Liam pulled open a wire mesh gate at the rear and stepped up inside to see a cramped space almost completely filled with carefully stacked household possessions. The rest of them followed suit, the vehicle lurching alarmingly as Bob finally pulled himself up inside and slammed the mesh door behind him. There was just about room for the four of them to huddle on the floor, shoulders rubbing shoulders and legs pulled up in front of them.
With a cough and a splutter the vehicle lurched forward and a thousand different objects around them began to squeak and rattle and clank. It might not be the most comfortable ride for them, but at least it was taking them in the right direction — north, towards New York.
So far there’d been nothing from Maddy. No portal, no message. Not a good sign.
Liam was thinking of something interesting to say when, with a flutter of dislodged feathers, a rooster emerged from behind a wobbling cupboard and settled on top of Bob’s head.
‘Oh sorry,’ said Liam, ‘I actually thought he was … uh … you know, joking about having chickens in the back.’
Bob swiped a big hand at it and the bird scrambled and flapped around the enclosed space for a full minute before finally, tentatively, returning to roost on his head again.
‘No place like home,’ offered Liam.
Bob stared indignantly back at him.
‘You, sir, look about as happy as a clam at high tide.’
Bob switched to stare indignantly at Lincoln.
‘Suits you,’ said Sal, affectionately patting his arm.

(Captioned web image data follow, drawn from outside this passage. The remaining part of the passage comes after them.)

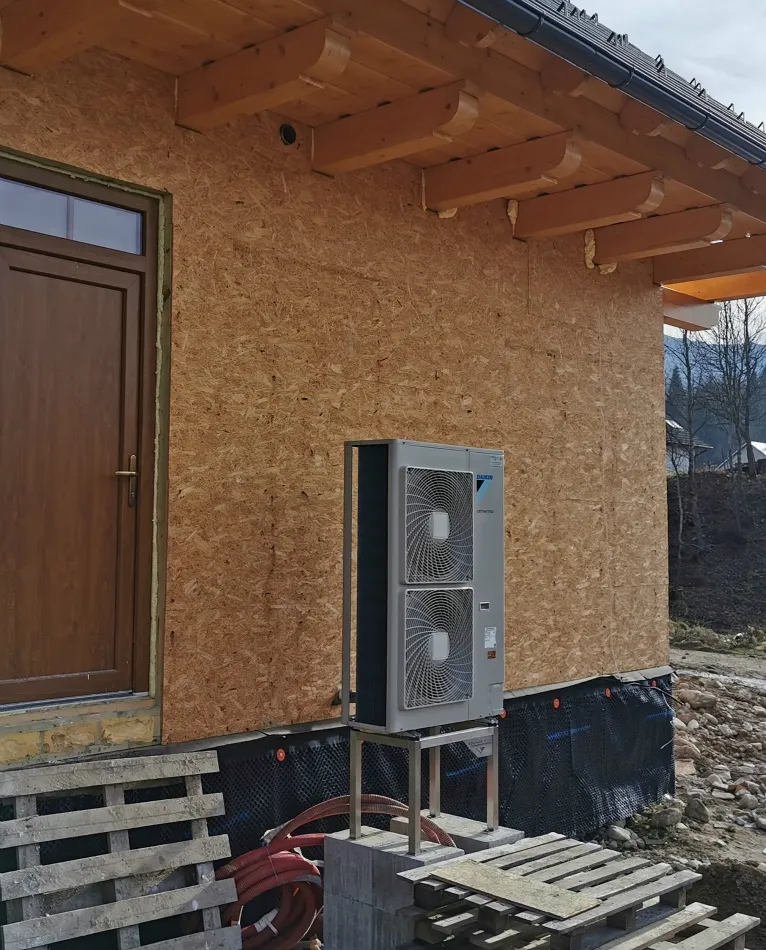 Tepelné čerpadlo vzduch voda Daikin Altherma LT 11kW rodinný dom Zuberec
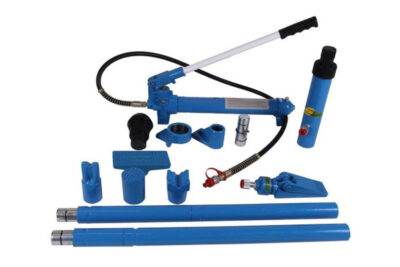 Presa hidraulica pentru lucrari de tinichigerie, sarcina max. 10tone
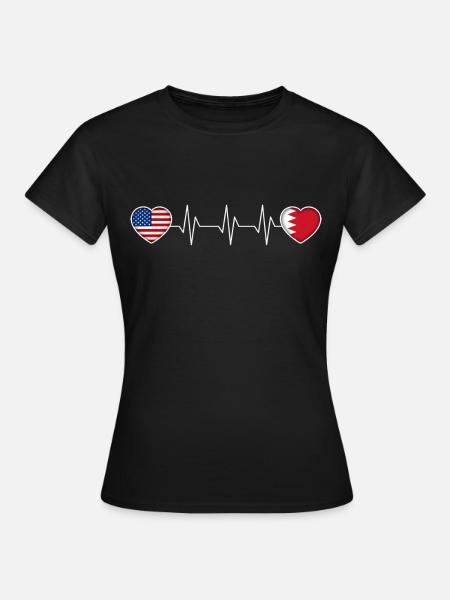 Bahrain - Frauen T-Shirt - Schwarz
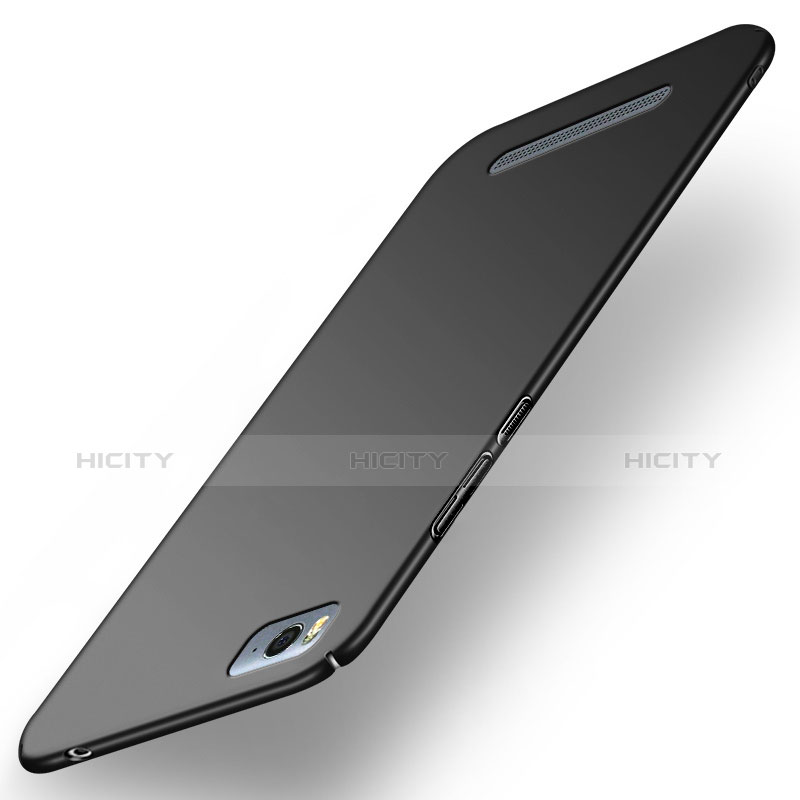 Xiaomi Mi 4i用ハードケース プラスチック 質感もマット M02 Xiaomi ブラック
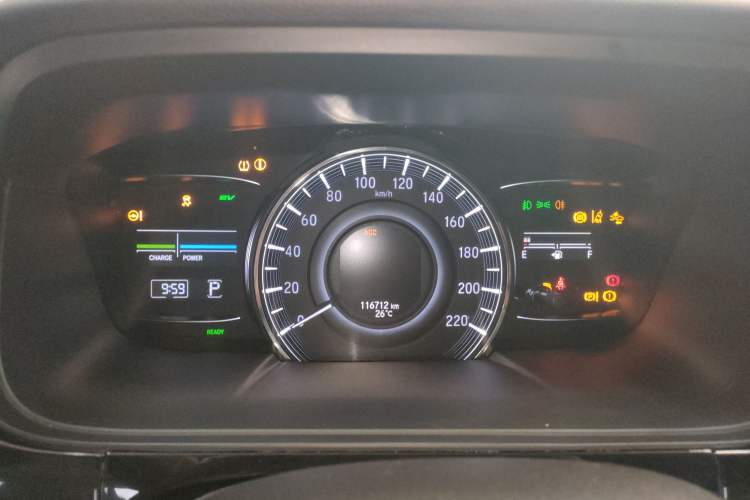 Used Honda Elysion 2019 2.0L Hybrid Comfort Edition Instrument Cluster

CHAPTER 31. 2001, somewhere in Virginia
As dawn started to make its mark on the horizon, the Chinese man deposited them at a junction of roads: one of them heading west, the other continuing north. He warned Liam once again that heading north to New York was ‘no good’.
‘Why? What’s going on in New York?’
The question caused the man to cock his head curiously. ‘You serious?’ He didn’t wait for Liam to answer. ‘You been ’sleep all your life? The city … it all gone now. New York, it just big ruin.’
‘A ruin? What’s up with it?’ He turned round to the others, standing beside him on the shoulders of the road. Sal’s eyes were wide, her face ashen.
‘How you not know this?’ the man asked, incredulous.
‘Well … we’ve … been away, a long time.’ Liam’s answer sounded lame and the Chinese man shrugged a whatever, as if to acknowledge that the answer maybe wasn’t his business.
‘The war … it stay there. It never move on. Been there forever.’
‘War?’ Lincoln took a step closer. ‘Great Scott! Did you say war, sir?’
The Chinese man leaned back in his cabin, wary of the tall man’s belligerent face. ‘Yeah … you not know of war?’
‘No, sir! A war between who, man? Tell me!’
Liam rested a hand on Lincoln’s shoulder. ‘Easy there, fella.’
The Chinese man’s wife uttered something into his ear and he nodded, firing up the engine on his carriage. It coughed and clattered noisily before settling down to a noisy chug. He was clearly getting a little nervous of these crazies he’d picked up and deposited here on this crossroads in the middle of nowhere.